My kids are on winter break, which is two weeks in duration but feels like it’s not a day less than 57. We are currently on day 7 and have another week to go. We’ve made gingerbread houses, gone to the playground, shot Nerf guns, constructed Legos. And then it was December 26th and we ran out of things to do. So we bowled, one day. Finn’s preferred method of bowling is to heave the bowling ball as hard as he can into the ground right at his feet, but he got the job done with the help of some bumpers. Tate played with a ramp and doubled my score.

Flush with success from the bowling, the next day, I suggested roller skating. Tom cringed and gave me one of those looks that indicates that he wants to say no but is powerless to do so in the face of my enthusiasm, which can morph very quickly into rage when challenged. Still, he tried: “I think maybe we should go ice skating instead? It’s easier.”

I humphed. Easier for whom, exactly? Tom grew up in Michigan where everyone ice skates from an early age. I ice skated for the first time when I was 24 and almost broke both ankles, which was an unpleasant surprise given that Koreans are historically very good at Olympic short track. Roller skating, however—now that was the stuff. I grew up skating at the Skate World out in Hillsboro, and I was really, really good.
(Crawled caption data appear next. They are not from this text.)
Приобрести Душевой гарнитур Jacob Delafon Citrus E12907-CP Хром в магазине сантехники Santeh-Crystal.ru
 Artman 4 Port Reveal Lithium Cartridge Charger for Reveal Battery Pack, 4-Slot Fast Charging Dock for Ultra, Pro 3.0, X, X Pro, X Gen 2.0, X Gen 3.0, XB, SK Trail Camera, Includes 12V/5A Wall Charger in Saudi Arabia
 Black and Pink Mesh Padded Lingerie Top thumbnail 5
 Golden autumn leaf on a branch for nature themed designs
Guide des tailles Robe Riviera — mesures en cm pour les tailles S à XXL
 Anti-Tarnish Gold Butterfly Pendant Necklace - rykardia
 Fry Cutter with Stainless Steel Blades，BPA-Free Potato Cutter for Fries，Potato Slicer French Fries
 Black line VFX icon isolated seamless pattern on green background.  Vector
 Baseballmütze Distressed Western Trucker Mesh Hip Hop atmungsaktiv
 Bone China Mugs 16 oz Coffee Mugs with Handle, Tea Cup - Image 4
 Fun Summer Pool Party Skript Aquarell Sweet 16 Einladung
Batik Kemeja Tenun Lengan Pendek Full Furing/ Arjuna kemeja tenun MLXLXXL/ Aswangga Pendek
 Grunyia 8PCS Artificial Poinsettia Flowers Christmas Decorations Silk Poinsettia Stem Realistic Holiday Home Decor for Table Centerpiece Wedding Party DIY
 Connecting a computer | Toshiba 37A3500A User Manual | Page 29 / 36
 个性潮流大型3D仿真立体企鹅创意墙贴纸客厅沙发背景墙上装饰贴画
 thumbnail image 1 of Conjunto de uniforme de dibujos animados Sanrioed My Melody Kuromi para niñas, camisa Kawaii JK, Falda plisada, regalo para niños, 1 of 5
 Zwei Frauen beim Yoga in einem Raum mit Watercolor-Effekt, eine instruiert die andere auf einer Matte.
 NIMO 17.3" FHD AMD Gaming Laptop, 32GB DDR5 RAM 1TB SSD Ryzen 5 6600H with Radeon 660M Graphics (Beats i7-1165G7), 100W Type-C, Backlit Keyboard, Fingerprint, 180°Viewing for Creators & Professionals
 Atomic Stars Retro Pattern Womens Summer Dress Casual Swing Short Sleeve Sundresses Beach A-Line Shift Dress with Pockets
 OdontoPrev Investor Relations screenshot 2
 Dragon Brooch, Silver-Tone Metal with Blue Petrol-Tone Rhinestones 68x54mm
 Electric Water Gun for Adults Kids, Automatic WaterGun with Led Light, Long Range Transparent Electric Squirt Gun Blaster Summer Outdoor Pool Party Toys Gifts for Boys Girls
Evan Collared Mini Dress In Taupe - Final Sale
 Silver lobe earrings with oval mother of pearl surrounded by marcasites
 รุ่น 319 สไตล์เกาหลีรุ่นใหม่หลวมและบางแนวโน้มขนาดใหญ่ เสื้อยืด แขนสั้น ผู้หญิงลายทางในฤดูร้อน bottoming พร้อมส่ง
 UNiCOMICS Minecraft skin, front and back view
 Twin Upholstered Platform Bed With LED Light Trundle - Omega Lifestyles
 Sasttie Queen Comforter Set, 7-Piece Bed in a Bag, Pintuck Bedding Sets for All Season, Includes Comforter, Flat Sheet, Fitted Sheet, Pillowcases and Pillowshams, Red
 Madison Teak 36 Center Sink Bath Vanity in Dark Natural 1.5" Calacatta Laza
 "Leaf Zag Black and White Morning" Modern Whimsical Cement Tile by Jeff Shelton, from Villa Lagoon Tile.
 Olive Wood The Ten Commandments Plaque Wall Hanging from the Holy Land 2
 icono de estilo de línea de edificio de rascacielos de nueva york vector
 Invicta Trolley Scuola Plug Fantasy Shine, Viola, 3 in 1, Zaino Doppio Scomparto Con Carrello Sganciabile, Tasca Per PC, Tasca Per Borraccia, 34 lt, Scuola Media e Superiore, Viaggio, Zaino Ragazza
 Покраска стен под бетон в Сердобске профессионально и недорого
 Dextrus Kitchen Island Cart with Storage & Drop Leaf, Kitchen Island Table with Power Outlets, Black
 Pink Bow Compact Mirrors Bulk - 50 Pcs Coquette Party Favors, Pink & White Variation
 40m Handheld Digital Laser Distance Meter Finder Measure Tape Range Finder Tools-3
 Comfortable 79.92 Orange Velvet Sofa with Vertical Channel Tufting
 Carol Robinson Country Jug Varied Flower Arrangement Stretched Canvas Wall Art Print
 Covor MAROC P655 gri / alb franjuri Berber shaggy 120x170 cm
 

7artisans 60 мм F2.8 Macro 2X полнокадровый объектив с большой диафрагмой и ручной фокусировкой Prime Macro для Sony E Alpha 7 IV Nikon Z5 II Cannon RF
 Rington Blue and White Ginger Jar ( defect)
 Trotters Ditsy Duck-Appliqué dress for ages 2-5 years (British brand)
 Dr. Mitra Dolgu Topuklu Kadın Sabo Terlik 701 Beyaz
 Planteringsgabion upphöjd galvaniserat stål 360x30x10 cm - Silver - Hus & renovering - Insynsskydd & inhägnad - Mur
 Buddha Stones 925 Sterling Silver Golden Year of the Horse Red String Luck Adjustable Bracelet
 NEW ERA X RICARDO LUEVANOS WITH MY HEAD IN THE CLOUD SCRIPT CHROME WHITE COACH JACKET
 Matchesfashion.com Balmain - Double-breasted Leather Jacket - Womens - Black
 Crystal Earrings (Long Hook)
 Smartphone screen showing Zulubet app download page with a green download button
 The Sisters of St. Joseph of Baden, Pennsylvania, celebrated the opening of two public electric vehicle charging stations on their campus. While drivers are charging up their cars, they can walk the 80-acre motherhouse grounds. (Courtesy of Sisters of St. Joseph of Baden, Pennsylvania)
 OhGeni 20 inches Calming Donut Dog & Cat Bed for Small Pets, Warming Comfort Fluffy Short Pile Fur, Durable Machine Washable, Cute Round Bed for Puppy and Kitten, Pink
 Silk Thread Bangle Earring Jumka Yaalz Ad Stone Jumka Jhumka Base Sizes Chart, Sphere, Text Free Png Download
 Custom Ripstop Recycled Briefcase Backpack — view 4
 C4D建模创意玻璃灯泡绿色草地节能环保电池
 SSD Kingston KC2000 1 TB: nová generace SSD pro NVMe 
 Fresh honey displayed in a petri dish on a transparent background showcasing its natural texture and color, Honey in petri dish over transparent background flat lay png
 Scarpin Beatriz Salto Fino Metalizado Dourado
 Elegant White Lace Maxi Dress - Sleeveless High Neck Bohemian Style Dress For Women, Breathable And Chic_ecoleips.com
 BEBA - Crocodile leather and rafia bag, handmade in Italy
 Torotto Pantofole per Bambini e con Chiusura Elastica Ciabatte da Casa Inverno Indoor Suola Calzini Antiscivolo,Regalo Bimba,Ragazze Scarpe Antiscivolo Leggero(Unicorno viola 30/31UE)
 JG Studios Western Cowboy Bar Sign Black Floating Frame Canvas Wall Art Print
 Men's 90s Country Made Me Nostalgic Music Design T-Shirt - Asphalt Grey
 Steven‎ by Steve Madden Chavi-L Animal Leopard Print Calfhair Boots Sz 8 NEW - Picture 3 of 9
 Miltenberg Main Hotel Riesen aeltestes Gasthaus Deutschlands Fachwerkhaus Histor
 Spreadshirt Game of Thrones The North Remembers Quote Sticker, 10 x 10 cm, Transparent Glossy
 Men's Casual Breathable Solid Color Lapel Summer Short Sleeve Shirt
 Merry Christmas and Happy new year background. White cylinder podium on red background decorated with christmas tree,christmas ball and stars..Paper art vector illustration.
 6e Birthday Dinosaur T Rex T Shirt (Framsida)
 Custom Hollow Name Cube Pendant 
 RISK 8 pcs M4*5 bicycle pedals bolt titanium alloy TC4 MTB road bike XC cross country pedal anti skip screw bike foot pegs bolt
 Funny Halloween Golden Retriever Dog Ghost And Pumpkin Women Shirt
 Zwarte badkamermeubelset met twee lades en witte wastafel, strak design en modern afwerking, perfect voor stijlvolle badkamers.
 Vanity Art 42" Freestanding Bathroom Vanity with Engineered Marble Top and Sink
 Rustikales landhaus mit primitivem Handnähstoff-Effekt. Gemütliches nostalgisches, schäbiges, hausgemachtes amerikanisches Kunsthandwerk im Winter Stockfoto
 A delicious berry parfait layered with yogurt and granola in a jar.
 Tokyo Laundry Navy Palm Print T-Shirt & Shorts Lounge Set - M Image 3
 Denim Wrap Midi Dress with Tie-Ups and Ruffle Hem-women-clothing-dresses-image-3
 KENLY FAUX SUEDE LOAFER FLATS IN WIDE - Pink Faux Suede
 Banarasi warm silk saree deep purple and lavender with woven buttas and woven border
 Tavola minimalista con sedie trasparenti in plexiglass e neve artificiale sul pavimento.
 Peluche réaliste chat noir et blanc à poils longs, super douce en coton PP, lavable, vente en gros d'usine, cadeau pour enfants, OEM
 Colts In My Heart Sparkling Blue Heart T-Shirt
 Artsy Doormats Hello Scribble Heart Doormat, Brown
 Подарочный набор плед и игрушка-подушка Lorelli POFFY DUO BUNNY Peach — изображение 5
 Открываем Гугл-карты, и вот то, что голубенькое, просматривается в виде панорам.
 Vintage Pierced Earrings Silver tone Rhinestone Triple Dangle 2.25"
I mean, not to brag, but I was shooting the duck and skating backwards and I hokey pokey’ed on wheels even better than I did in regular shoes.

In spite of all that, in the face of Tom’s doubt, I wavered. The ice skating rink was much closer, and also inside this mall, which I love. But no. I’m not in the business of doing things I suck at in my leisure time. “The ice is cold when you fall,” I said, with an edge of steel in my voice. “I think we should go roller skating.” So we went roller skating. Not just us and our hapless children, but with poor Aunt Susan, Uncle Matt, and Grandma in tow.

The first sign of trouble at the rink came when we were handed our skates at the rental counter. It was comforting, in a way, to realize that roller skates had evolved not at all in the twenty years since I’d last skated. Tate’s pair weighed like ten pounds, which is approximately a third of his body weight. I shrugged off the first seeds of doubt and strapped them on. And Tate seemed excited. All three of the men in my family have the trait where they can picture themselves doing something before they actually do it, and they are AWESOME in their mind’s eye. Once he had his wheels on, Tate was ready to roll.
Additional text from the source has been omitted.